In my third-year I saw an advert for a Marion Island-based honours project being advertised by a new lecturer in our department, Steven Chown. From a young age I had had the dream of visiting the island, so I had to apply for the honours position for the chance to visit the island! And visit the island I did – for a four-week take-over during my honours year. This was a seminal experience for me: I had never been to a place so remote, so wild, so volcanic (and so windy and cold)! Also, I got out of the year more than a visit to Marion Island; I was exposed the field of biogeography: the study of how biodiversity is distributed in space and time – a new interest developed for me.

 I continued pursuing an MSc and PhD in the biogeography of birds and plants in Africa: somewhat warmer and greener places (I completed these degrees in Stellenbosch and in Denmark respectively). Here I developed my second passion: savanna ecology.
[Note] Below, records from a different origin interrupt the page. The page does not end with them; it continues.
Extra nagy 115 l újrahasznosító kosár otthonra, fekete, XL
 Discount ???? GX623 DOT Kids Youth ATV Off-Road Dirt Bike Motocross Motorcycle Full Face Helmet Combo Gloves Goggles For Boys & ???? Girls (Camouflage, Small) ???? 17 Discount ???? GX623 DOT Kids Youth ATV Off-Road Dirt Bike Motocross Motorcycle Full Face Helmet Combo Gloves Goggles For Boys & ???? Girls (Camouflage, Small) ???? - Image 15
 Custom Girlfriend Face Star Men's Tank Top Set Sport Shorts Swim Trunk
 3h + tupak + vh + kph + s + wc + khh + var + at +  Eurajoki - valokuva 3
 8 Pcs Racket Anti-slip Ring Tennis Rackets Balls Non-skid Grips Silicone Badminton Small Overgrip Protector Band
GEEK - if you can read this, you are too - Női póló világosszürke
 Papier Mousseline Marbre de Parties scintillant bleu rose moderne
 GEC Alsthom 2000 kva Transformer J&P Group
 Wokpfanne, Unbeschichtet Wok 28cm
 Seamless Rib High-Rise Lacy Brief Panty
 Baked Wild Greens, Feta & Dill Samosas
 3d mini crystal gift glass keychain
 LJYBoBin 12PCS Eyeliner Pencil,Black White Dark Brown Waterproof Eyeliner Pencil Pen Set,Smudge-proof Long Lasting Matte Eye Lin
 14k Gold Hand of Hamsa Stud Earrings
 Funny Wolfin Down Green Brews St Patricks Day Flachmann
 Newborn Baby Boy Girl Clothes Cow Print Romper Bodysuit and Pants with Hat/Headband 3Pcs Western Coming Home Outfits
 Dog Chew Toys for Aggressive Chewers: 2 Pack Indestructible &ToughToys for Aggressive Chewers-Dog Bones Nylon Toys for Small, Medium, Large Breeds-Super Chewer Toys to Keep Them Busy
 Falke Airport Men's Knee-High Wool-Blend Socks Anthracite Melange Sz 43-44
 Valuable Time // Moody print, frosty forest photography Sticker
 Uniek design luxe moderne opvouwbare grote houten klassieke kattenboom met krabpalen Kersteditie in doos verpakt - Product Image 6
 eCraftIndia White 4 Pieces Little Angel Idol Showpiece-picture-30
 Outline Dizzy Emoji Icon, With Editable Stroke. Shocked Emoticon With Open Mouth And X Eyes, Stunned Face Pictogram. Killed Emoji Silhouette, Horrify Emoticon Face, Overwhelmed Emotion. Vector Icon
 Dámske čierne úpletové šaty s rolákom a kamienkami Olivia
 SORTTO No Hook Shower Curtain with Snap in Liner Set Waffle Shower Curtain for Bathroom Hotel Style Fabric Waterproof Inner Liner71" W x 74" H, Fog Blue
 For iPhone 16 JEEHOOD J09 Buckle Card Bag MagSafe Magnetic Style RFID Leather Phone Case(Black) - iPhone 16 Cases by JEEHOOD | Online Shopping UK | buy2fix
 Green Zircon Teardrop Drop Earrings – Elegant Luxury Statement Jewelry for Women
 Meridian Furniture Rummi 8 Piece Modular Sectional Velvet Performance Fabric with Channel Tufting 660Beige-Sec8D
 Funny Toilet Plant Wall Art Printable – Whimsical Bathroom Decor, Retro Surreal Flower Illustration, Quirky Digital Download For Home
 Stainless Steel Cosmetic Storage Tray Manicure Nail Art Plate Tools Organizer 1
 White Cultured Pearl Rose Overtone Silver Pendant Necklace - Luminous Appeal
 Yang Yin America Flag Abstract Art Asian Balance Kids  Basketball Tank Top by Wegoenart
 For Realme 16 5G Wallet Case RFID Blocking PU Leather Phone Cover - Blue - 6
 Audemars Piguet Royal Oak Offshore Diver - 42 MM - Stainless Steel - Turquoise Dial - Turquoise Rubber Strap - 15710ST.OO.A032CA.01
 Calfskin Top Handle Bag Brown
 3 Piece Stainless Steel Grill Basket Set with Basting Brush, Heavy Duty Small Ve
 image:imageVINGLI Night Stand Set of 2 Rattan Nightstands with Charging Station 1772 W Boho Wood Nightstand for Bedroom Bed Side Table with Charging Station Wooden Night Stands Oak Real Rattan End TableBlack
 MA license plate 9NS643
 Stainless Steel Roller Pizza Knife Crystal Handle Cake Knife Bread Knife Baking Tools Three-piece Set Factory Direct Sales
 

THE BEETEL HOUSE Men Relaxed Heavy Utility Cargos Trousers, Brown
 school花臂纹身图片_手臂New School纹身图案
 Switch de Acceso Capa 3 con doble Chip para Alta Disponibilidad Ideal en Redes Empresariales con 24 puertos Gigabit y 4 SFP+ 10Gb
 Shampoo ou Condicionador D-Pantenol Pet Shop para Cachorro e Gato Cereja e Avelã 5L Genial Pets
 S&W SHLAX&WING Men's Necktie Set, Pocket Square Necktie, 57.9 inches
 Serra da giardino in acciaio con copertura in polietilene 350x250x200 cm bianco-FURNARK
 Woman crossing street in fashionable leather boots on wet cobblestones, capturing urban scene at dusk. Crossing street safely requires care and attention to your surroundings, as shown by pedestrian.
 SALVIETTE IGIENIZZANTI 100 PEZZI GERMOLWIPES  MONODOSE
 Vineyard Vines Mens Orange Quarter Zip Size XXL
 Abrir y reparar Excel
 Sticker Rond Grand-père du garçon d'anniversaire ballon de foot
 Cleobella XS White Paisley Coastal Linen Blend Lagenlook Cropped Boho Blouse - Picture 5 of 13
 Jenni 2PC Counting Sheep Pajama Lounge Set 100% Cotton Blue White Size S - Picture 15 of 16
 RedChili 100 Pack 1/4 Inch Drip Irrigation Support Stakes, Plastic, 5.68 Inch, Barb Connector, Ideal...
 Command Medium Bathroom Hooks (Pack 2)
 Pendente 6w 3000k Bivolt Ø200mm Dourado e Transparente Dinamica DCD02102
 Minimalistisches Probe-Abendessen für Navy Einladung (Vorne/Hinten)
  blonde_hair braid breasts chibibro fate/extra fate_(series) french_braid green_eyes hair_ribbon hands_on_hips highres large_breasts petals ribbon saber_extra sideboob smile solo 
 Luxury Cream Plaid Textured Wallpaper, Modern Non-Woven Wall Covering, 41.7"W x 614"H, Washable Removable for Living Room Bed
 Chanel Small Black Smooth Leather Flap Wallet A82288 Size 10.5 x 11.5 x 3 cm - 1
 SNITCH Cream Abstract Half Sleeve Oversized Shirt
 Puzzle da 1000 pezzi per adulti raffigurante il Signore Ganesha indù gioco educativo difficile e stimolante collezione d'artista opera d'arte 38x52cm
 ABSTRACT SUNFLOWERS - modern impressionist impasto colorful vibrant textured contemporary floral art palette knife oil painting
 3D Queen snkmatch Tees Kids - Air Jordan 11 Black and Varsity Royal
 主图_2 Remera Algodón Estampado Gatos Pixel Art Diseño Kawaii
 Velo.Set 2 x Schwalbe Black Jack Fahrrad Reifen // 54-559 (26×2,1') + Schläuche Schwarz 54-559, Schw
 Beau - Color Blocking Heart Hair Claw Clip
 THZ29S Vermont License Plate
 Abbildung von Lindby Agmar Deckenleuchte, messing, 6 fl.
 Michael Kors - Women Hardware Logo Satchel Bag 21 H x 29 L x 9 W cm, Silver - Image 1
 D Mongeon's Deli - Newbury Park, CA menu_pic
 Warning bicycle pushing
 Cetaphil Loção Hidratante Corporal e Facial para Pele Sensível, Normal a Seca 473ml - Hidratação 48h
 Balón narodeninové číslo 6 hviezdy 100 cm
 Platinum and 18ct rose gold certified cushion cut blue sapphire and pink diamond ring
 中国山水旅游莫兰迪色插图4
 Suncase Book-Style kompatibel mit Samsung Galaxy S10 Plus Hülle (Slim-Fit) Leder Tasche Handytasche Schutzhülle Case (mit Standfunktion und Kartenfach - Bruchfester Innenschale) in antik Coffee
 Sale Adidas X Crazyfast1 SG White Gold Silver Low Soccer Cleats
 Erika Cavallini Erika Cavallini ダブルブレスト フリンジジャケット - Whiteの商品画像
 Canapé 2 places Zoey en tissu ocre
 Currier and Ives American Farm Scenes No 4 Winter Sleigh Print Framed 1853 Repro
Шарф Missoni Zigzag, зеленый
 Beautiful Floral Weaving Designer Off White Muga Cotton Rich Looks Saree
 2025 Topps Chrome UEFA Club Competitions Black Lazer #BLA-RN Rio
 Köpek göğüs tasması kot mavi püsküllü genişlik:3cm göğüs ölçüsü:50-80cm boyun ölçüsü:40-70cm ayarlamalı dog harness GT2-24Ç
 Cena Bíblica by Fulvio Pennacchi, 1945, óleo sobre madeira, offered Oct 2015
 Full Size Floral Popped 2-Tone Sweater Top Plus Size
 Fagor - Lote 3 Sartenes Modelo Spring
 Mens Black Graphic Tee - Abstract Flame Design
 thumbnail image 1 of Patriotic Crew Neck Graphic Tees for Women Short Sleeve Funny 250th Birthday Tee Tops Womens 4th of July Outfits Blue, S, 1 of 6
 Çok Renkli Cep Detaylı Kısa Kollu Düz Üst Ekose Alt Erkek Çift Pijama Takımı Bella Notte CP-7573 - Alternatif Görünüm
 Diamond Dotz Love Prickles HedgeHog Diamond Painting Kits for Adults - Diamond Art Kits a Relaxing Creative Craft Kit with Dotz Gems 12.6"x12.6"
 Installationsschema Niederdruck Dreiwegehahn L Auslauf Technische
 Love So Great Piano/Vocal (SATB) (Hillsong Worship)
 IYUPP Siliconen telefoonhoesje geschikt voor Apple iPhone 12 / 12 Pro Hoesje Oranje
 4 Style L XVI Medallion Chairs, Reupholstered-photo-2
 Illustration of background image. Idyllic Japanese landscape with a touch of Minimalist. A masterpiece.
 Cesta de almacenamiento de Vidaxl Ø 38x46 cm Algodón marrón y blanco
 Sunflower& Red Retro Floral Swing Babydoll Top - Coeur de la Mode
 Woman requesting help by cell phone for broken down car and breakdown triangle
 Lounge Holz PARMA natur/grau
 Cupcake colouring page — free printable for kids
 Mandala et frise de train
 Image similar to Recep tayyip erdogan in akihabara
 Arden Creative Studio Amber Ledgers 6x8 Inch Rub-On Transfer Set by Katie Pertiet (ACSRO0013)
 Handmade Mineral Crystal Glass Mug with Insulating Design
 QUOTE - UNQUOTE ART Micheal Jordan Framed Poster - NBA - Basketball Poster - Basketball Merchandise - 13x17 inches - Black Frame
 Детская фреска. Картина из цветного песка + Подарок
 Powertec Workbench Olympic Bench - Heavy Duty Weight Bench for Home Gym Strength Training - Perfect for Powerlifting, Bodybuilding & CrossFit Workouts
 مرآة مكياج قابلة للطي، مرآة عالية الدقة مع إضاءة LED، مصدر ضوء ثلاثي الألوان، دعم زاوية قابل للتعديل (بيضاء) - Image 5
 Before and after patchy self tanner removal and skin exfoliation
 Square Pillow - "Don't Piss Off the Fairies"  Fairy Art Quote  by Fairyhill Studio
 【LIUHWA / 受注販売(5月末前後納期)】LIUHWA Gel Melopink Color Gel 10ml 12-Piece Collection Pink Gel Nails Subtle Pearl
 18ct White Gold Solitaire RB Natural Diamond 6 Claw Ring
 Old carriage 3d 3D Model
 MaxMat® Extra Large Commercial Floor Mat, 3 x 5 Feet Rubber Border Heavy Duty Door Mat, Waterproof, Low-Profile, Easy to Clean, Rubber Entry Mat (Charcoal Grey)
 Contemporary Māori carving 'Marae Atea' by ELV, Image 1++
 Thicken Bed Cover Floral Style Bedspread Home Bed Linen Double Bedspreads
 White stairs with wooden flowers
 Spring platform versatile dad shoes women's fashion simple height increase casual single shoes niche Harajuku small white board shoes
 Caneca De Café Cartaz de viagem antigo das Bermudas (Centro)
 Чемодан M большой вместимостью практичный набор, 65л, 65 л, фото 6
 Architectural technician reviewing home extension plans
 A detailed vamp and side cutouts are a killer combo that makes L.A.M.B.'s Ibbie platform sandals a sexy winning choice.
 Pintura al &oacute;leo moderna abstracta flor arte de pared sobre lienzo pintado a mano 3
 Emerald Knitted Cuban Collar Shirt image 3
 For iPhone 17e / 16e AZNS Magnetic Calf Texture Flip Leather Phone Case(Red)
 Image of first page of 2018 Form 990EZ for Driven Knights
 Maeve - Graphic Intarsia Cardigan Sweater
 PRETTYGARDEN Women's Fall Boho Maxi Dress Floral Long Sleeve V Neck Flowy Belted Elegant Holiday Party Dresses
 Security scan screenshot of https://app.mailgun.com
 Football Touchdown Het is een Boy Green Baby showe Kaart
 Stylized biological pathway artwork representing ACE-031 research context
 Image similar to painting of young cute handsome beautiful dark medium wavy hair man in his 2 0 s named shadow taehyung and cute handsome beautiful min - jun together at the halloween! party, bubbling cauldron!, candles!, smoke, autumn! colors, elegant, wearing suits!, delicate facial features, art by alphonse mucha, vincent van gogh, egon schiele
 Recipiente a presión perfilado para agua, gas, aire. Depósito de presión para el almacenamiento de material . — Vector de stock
After taking up my position in the Plant and Soil Sciences Department at the University of Pretoria in 2013, I had a renewed opportunity to get involved in the sub-Antarctic sciences when I was awarded a SANAP grant.

            Much of the work that we have been doing on Marion Island deals with invasive species (especially plants) and what determines their distribution and success. Even though sub-Antarctic islands like Marion Island are some of the most isolated places on Earth, they have not been totally spared from human activities. Invasive species constitute one of the largest threats to the islands. These have mostly been introduced accidentally in e.g. building rubble, stuck in people’s shoes or the Velcro of their jackets, or in food supplies. Not all exotic species that have arrived at the islands have survived, but those that have, have often managed to spread and in some cases have had large negative impacts on the native species and ecosystem. Additionally, Marion Island is rapidly warming, and this is benefitting invasive species which are able to better survive under the mild conditions. How invasive species will be affected by climate change compared to native species forms a further particular interest. There is already some evidence of invasive species benefitting more than native species; but together with Prof Michael Cramer from UCT and Brad Ripley from Rhodes University, we are also studying how factors other than climate, e.g. soil characteristics, may limit the spread  of invasive species, even under climate change. (image below during The POLAR2018 symposium in Davos, Siwtzerland)

There are many things I enjoy about my career. I am always learning more, and by conducting research, I am also contributing to new knowledge. As an ecologist, I enjoy the opportunities to see wild places all over South Africa and beyond, to understand how they function, and to hopefully contribute to their protection and appropriate management. I have also met, and made friends with, many wonderful, kind and intelligent people through my work. I especially enjoy the interactions I get to have with students: it is rewarding to see them develop skills and self-confidence, and learning from them as people who possess different world views from me, have skills different to mine, and in many cases overtake me in their scientific skills and knowledge.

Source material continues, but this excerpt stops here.